Modeled after building client relationships
In many ways mentoring is about building lasting one-on-one relationships. I like to call it one-on-one networking and it’s actually how we prefer to do business with our perspective and current clients. We are small studio, focused on user experience design and strategy. We tend to build long term relationships with our clients, starting small and working with them over a long period of time. This model, as simple as it sounds, fits the culture of our firm and has worked for the past 3+ years.
And simple as it sounds, mentorship is very similar to how we build these relationships with our client. Mentorship is about making a connection with someone in your industry (maybe design, maybe UX) with more or less experience. Don’t think about it as solely someone that needs to be your senior. Instead think about it as an opportunity to share information and offer guidance. Sometimes I learn just as much from someone career transitioning from Architecture or Social Work as they do from me.
My experience with mentors
Early on my experience with mentors was through managers , bosses, or even the CEOs of the companies where I worked. It wasn’t formal but more about trying to figure out how they got from point A to Z in their career and if I wanted to follow a similar path. Over time it moved to my coworkers and peers in the UX community. We wouldn’t solely discuss UX topics, but also our various careers arcs and where we wanted to head. Today my mentors are really a mix of clients, peers running similar businesses, and even employees or people in the UX community.

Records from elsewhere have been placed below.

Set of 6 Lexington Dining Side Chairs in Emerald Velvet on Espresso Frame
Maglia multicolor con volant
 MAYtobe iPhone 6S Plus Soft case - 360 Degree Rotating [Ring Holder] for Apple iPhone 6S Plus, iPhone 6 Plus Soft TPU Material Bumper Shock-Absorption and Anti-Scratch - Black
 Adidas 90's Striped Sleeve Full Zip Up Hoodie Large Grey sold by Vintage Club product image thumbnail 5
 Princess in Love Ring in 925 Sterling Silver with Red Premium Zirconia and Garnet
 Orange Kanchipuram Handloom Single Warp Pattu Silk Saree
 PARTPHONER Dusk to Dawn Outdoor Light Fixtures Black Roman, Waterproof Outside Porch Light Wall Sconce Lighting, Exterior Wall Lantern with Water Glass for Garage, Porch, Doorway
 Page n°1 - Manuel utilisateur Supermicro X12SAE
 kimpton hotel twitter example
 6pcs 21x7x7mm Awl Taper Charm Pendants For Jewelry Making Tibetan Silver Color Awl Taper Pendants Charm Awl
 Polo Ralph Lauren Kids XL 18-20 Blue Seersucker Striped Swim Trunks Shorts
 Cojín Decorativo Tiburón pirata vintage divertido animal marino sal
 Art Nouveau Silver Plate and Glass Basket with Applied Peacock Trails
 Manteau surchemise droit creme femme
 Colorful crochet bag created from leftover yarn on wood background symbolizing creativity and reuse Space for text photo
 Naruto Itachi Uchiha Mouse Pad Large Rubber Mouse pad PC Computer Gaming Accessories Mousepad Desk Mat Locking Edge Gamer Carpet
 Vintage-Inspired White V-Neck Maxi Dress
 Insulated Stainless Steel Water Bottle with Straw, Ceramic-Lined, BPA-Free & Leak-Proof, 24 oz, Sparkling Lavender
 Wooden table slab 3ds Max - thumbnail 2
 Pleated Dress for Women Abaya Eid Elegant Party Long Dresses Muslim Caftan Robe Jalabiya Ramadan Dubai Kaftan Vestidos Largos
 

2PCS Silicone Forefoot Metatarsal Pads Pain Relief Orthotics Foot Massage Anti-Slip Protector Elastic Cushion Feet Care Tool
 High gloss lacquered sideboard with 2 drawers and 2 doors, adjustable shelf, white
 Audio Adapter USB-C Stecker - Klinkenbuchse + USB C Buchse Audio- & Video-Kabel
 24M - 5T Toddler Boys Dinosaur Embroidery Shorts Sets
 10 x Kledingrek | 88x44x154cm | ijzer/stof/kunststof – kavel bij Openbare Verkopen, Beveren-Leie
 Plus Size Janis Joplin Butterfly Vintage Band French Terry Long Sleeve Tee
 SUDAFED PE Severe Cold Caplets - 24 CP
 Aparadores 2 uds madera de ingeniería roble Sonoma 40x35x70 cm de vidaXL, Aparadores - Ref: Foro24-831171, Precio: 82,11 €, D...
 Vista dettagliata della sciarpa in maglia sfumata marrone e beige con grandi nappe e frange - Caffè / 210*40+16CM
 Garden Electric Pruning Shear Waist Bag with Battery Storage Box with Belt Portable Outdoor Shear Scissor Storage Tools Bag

Formal Mentorship at Fuzzy Math
We practice formal and informal mentorship with the single biggest example of formalized mentorship coming through our internship program. I say “program” since its evolved over time with more guidelines but it’s far from 100% baked. Nor need it be. To start we have our interns establish their own goals for the internship and then review progress on a weekly basis. We ask them to keep a diary of their notes, questions, goals, and accomplishments. We’ve started to use a model of 3-month paid internships. The first month of the internship is pure observation – we invite the intern to every meeting and ensure they are drinking from the FM fire hose. This initial month is to see how UX is done here at FM and to provide exposure to as many activities and deliverables as possible. The second month is spent shadowing other team members and performing work in parallel. None of the work is meant to be delivered to clients and our interns aren’t engaged directly on client projects. As we shift into the final month we start to focus on delivery. Our interns create designs and present them to other team members. We focus the final month on helping our interns create client-ready deliverables and understand some of the demands of project work without being in the critical path.
Mentoring employees is another natural part of our processes here at Fuzzy Math. We believe strong in employee empowerment and execute this through a series of goal planning exercises. We’ll talk about this in another post but there is nothing that says “mentorship” shouldn’t be strongest within your own organization.
My mentorship outside of Fuzzy Math involves being available for members of the IxDA and IAI. People contact me as they need feedback in a number of areas:
- How to career transition (or if to career transition at all)
- The state (pros/cons) of the various graduate programs in the Chicago
- Feedback on their portfolio or book
- How UX is striated into specialties and which mean what
Overall it’s exciting to be part of a craft (and career) that has experienced so much growth — and one where I can tell people their chances of getting hired are very high.
How to find and structure a mentorship
For formal mentorship, find an organization that supports mentorship (school/alumni, professional, etc.) and then find someone that seems genuinely interested in mentorship and the responsibilities that come with it. For informal, just reach out (via LinkedIn, email, etc.) to someone. Generally people are a lot nicer than we think.
But for either have an agenda and purpose. Ensure you are respecting peoples’ time. The single biggest piece of advice I can offer is to create a set of goals and review those with your mentor. And then track those goals along the way to see ensure both parties acknowledge what is and isn’t working.